Ook beoordelingsmomenten worden door sommige aios als belastend ervaren. Het gaat dan niet zozeer om het beoordeeld worden zelf, maar om de onduidelijkheid daaromtrent. Zowel de aios als opleiders en docenten herkennen dat niet alle competenties goed objectiveerbaar zijn: niet alle aspecten van het beroep zijn in helder beschreven competenties te vatten. Voor aios betekent dit dat zij gevoelsmatig op elk moment te horen kunnen krijgen dat zij het niet goed doen. Ook hebben zij de indruk dat sommige opleiders (en docenten) bij hun beoordeling de nadruk leggen op gedrag of zelfs op persoonlijke kenmerken. Dit veroorzaakt gevoelens van onveiligheid.
Belasting vanuit de privésituatie
Factoren die door de aios genoemd worden uit de privésituatie die van invloed kunnen zijn op de werkbelasting zijn zeer divers; zwangerschap, kinderen, mantelzorg, ‘major life events’, et cetera. In veel gevallen speelt tijdgebrek een belangrijke rol. De opleider kan voor die aios als rolmodel fungeren, bijvoorbeeld door het tonen van een goede organisatie van het werk, door prioriteiten te stellen en door het bespreken van eigen afwegingen om wel of niet langer door te werken in bepaalde situaties.
Hulpbronnen in het werk
De opleider is een belangrijke hulpbron voor aios. Hij biedt steun, kan als rolmodel fungeren en is een belangrijke bron voor feedback op hun praktisch functioneren.(F) De meeste aios zijn tevreden over de ondersteuning door hun opleider. Soms geven aios aan dat hun opleider te weinig aanwezig is om voldoende feedback of steun te kunnen geven. Zij voelen zich alleen staan voor de problemen die zij tegenkomen, ook op emotioneel gebied.(G) Ondanks dat zij aangeven dat de relatie met hun opleider hecht is – hechter dan bijvoorbeeld de relatie met hun docenten – vinden veel aios het lastig om te praten over hun twijfels en problemen. Ook dit kan leiden tot onvoldoende steun en feedback.

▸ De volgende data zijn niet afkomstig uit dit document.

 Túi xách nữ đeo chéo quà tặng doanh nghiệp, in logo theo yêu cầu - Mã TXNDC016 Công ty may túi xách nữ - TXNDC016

Persoonlijke hulpbronnen en eisen
Bepaalde vaardigheden of eigenschappen lijken het goed en soepel doorlopen van de opleiding gunstig te beïnvloeden. Naast specifieke medische kennis is het noodzakelijk om over voldoende organisatie- en leiderschapsvaardigheden te beschikken om regie te kunnen voeren over een multidisciplinair team. Zeker in het begin van de opleiding kan een ervaren tekort aan vaardigheden in dit domein de belasting doen toenemen. Ook opleiders zien dat het zelfstandig runnen van een afdeling zeker voor jonge, onervaren aios erg belastend kan zijn.(H)
Zij geven aan dat deze groep gebaat zou kunnen zijn bij het toekennen van een kleiner aantal patiënten – bijvoorbeeld de eerste zes weken – om ook dit aspect van het vak onder de knie te krijgen. Maar zij vrezen tegelijkertijd dat dit bij een krappe bezetting lastig te realiseren is.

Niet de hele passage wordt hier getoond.